Il en résulte que, si une personne autre que le représentant légal conclut une convention au nom de la société, cette convention est nulle.


Dans les sociétés importantes, il est évident que le représentant légal ne peut signer tous les actes, ceux-ci sont donc signés par des salariés de la société.
La validité de la convention signée par un salarié est admise dans les situations suivantes :


- si la personne est titulaire d'une délégation de pouvoirs l'autorisant à signer la convention ;
- s'il s'agit d'un mandataire apparent en qui le cocontractant a pu légitimement croire qu'il avait le pouvoir d'engager la société (article 1156 du Code civil).

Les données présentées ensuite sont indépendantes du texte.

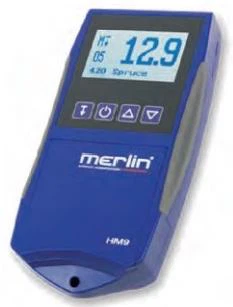 Hygrometer Pren Sefydlu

Ce dernier point est le plus souvent invoqué puisqu’un directeur de service a vis-à-vis des tiers apparemment le pouvoir de contracter.
Ceci étant, l’article 1182 alinéa 3 du Code civil, issu de la réforme du droit des contrats opérée par l’ordonnance du 10 février 2016, prévoit que « l'exécution volontaire du contrat, en connaissance de la cause de nullité, vaut confirmation ».
Ce qui, dans la pratique, renforce le principe de l’apparence puisque cela induit qu’une société qui exécute ne pourra ensuite se prévaloir de l’absence de pouvoir de signataire.


A titre d’illustration, il a été jugé que l’acte passé au nom de la société par un salarié n’ayant pas reçu pouvoir pour le faire est valable si la société l’a ratifiée tacitement en commençant à exécuter le contrat (Cass. com. 17 janvier 2018 n°16-22.285 F-D). Dans ce cas, il n’y avait donc pas à rechercher si ce salarié avait reçu pouvoir de la société pour y procéder.


La société ne peut donc soulever cet argument à son bénéfice…


La sécurité et la protection des tiers se trouvent ainsi assurées dans les hypothèses où le sujet de droit, qui ne bénéficie pas de la qualité de dirigeant légal, est malgré tout susceptible d’engager la société dans une opération économique.